Segment Start: Data for this exercise

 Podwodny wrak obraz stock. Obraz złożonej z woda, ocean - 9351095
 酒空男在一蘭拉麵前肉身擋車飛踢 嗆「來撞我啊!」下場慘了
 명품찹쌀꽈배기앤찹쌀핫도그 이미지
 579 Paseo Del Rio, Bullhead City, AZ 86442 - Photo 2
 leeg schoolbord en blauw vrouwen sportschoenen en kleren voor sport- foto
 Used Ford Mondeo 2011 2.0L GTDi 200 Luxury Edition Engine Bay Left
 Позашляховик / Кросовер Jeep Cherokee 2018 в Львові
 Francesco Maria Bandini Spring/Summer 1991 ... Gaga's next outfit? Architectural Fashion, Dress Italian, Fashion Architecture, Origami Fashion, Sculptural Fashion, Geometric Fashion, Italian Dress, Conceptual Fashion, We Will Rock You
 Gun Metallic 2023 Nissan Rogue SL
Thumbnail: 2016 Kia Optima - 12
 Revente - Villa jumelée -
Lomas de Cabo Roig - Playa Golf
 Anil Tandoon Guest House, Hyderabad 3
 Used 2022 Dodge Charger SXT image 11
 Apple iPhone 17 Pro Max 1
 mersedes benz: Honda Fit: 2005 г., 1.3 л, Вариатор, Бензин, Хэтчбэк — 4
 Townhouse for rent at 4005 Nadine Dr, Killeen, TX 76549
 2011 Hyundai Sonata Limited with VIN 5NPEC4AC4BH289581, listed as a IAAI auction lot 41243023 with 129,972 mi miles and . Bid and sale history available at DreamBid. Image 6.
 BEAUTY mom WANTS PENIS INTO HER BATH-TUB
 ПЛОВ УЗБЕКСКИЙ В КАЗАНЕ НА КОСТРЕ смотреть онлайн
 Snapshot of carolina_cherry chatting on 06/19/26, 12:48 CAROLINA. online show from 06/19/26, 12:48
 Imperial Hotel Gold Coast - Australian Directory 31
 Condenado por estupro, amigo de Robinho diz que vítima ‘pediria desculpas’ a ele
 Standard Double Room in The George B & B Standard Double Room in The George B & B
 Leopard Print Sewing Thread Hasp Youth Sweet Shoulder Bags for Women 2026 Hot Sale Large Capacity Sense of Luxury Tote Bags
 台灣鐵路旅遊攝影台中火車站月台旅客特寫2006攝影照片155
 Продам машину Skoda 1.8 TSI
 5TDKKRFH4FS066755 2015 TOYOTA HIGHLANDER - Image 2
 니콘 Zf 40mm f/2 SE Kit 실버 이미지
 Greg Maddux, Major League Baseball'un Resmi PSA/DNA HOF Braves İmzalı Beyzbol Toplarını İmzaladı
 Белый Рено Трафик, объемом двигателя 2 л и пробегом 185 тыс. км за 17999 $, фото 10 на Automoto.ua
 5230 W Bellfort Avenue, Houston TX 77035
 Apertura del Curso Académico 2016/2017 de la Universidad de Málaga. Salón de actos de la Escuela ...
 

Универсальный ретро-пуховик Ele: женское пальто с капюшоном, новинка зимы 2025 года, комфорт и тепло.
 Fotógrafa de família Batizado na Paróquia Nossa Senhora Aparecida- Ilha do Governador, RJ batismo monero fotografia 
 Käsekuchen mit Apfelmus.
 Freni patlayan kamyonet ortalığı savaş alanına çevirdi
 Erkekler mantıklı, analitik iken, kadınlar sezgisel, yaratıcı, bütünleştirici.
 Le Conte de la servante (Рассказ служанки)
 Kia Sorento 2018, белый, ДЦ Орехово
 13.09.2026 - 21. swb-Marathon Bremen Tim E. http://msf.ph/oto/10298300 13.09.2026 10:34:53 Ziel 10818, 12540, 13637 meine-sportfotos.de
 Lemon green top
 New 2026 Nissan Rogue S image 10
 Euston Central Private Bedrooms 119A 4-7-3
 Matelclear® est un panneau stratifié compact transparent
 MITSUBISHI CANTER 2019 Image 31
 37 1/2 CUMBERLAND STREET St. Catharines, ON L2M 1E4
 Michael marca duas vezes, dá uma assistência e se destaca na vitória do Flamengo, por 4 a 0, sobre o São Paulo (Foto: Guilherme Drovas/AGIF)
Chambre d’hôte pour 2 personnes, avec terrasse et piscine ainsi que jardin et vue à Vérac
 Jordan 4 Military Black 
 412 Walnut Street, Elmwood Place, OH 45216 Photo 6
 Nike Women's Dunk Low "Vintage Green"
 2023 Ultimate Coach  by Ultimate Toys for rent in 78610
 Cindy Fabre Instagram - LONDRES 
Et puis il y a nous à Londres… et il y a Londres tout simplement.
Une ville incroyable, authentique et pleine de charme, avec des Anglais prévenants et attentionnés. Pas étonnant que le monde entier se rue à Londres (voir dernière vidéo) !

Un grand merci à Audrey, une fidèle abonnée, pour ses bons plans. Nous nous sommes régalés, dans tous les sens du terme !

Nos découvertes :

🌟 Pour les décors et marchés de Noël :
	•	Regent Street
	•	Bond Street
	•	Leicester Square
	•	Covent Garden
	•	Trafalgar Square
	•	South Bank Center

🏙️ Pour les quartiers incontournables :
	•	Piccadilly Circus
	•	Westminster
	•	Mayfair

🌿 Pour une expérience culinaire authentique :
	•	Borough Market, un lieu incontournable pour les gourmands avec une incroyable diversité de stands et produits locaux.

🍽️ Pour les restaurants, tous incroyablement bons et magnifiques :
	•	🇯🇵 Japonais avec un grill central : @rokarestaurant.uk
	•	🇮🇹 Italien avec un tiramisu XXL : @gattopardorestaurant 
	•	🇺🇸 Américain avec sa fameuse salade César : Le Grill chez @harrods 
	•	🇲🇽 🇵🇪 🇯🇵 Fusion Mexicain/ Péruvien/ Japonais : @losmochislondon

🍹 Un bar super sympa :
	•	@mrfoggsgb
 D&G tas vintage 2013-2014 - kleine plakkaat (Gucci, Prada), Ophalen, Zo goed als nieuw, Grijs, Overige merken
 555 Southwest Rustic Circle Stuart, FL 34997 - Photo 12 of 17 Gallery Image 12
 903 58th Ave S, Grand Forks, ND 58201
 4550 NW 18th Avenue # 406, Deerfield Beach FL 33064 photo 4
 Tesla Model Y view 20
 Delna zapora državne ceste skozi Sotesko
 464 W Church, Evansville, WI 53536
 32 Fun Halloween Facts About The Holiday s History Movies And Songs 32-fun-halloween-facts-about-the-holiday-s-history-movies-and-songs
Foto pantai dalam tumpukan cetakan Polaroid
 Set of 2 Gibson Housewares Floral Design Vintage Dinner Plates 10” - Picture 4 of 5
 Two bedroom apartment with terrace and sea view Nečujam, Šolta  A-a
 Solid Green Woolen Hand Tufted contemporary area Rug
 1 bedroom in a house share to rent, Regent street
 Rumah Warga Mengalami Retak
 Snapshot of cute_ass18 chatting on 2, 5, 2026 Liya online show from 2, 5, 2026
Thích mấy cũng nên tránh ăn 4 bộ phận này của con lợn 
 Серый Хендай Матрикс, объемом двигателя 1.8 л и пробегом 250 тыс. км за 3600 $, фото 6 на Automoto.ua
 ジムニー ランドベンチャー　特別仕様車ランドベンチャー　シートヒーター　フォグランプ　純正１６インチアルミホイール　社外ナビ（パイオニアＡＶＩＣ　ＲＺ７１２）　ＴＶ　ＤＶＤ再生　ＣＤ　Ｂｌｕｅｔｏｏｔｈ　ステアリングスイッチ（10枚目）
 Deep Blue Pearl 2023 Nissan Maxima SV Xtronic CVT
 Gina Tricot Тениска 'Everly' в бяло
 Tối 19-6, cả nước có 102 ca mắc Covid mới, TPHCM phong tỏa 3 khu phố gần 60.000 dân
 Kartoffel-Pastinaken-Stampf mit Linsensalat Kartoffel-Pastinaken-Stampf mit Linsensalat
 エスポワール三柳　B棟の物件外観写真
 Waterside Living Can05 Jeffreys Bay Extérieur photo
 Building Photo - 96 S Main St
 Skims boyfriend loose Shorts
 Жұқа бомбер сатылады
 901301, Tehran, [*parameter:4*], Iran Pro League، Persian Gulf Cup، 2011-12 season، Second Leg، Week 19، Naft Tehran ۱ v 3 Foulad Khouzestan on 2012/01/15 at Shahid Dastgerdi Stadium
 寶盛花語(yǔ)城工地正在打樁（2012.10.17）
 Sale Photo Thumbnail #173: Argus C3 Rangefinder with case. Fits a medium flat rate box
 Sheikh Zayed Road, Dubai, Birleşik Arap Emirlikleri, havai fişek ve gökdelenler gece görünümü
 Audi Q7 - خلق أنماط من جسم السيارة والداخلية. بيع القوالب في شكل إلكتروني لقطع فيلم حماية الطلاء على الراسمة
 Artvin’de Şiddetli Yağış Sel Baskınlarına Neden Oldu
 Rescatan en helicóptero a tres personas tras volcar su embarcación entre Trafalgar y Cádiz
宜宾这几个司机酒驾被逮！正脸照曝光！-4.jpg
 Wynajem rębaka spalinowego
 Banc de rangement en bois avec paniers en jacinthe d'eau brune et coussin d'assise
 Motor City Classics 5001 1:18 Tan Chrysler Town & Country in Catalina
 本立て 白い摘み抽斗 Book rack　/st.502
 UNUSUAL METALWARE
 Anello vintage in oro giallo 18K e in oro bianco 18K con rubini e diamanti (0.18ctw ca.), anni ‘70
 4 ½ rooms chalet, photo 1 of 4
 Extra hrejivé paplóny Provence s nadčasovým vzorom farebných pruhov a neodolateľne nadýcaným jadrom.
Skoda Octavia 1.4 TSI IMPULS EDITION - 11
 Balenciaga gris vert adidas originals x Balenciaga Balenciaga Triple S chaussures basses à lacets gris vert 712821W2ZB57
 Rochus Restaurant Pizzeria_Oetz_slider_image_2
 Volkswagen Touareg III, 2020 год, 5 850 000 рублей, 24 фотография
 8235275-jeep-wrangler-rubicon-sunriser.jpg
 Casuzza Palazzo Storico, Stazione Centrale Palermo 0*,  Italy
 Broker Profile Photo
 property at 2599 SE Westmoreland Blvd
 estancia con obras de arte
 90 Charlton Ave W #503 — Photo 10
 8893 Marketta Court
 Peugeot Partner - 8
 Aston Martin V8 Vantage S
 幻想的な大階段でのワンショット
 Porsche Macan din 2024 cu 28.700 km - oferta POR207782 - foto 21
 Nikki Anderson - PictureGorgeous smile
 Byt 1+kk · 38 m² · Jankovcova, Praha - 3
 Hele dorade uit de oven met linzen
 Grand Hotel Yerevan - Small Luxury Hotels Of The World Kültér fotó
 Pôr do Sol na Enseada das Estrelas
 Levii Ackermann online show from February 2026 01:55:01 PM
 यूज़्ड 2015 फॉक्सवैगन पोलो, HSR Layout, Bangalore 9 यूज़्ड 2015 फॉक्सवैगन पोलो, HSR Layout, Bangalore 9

Segment End: Data for this exercise

• _Exercise instructions_
Using the records above, copy word for word the line with "Универсальный ретро-пуховик Ele: женское", the line with "Freni patlayan kamyonet", and every line between them.

• _Response for this exercise_
Универсальный ретро-пуховик Ele: женское пальто с капюшоном, новинка зимы 2025 года, комфорт и тепло.
 Fotógrafa de família Batizado na Paróquia Nossa Senhora Aparecida- Ilha do Governador, RJ batismo monero fotografia 
 Käsekuchen mit Apfelmus.
 Freni patlayan kamyonet ortalığı savaş alanına çevirdi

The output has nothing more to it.